Yeah portability is a big issue with these non-standard functions. So even if you
aren't considering the large cost of supporting these functions in C libraries, there
are also costs in making applications portable, precisely because not all C libraries
will support it...

> The thing is that those APIs are better (imagine that they were all standard, 
> and were all equally known by programmers; which ones would you use?).  Some 
> programmers will want to use the better APIs, independently of libc providing it 
> or not.  In some cases, for high performance programs, good APIs are even more 
> relevant.  Not implementing them in libc, will only mean that projects will roll 
> their own.

No, the use of non-standard functions is the problem here. bzero was deprecated
more than 20 years ago, do you think C libraries will add support and optimize it
even if they never supported it before? If it's non-standard, it's never going to
happen.

If we continue with the mempcpy vs memcpy example of nginx, I presume
nginx implements cpymem() similar to this:

#if HAVE_MEMPCPY_SUPPORT
  return mempcpy (p, q, n);
#else
  return memcpy (p, q, n) + n;
#endif

The define would be set by a special configure check.

Now if nginx got say 10% faster from using mempcpy then that would
be great and it would be worth the trouble.
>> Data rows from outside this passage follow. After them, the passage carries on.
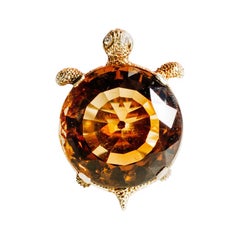 Clarissa Bronfman Rings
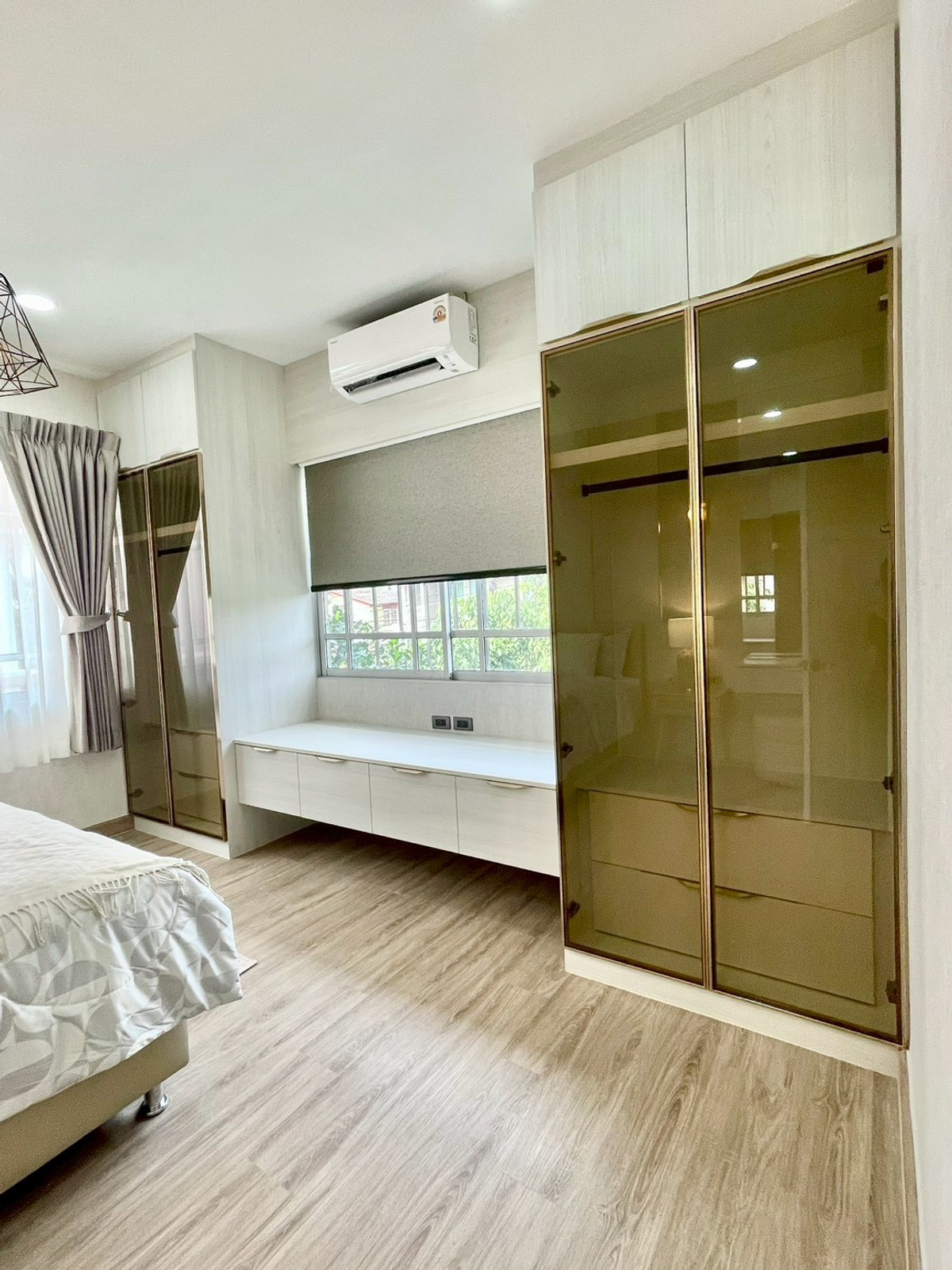 For SaleHousePattaya, Bangsaen, Chonburi : Park Avenue / 3 Bedrooms (For Sale), Park Avenue / 3 Bedrooms (FOR SALE) BEWN073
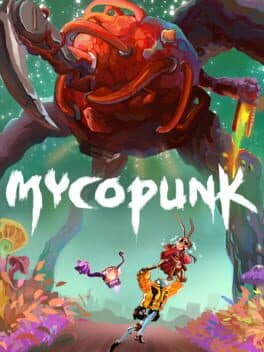 Capa de Mycopunk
However there is no difference
since compilers typically generate identical code for these cases. So what's
the point of mempcpy exactly?

By all means, create your own special copy interface function - it's just sugar.
But deciding that mempcpy is great and then being forced to do extra work
to make it portable for no gain is what I find insane...

> Where do you suggest that we put such function?  In or out of libc?

Well you mentioned that nginx and many other programs already define their
own memcpy variants. It's perfectly reasonable to do what you proposed and
create a library of inline string functions using standard calls as primitives.
If it is a freely usable and portable, any project that likes it could just add it.